Subversive stitching: From Emin to Aydua

Image credit: INDIA AYLES

Quilting, weaving, applique and embroidery are ways that we can literally embed our thoughts into something via a simple piece of thread. These old-aged textile techniques usually associated with a domestic female space, forms of “low” art, are being powerfully reclaimed within contemporary art and fashion; showing us they have relevance to our lives. As Grayson Perry reminds us, textiles have an intimate relationship with our lives, whether in the clothes we wear everyday or the quilts we sleep under: “we are born and we die and we make love under a quilt”.

Birth, the in-between and death are echoed in Grayson Perry’s The Walthamstow Tapestry 2009. The almost Bayeaux Tapestry size textile work begins with the visceral birthing of a child, into a world of brands, from converse to PG tips, to the inevitable deathbed. The tapestry becomes a medium for Perry to explore contemporary culture; a fiber-mirror is held up to society. From abortion, the British class system, religion, sexuality and identity, Grayson confronts us with the issues pertinent to our time through a threadbare medium.

Tracey Emin parallels the footsteps of Perry in a more close-up and personal manner.
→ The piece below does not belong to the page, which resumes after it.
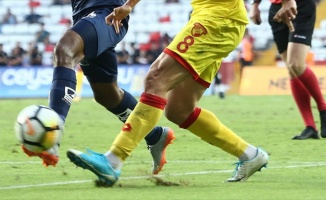 Göztepe'nin konuğu Antalyaspor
To her, techniques such as quilting provide a space for self-expression. Emin in the 90s began producing a series of quilts for her retrospective at the White Cube. This textile exploration led her to large-scale installations such as To Meet My Past 2002 that consisted of a four poster bed, mattress, bed clothing and curtains. The confessional quilt, featured on the bed, plays upon the old concept of quilts being a medium to record ones memories. Emin’s quilt has body stains and embroidered red thread across the cotton sheets denoting the menstrual cycle and her lovers that may have entered the bed. Displayed in the contemporary white walls of the Cube, Emin creates an aggressive, almost primeval reinterpretation of the medium.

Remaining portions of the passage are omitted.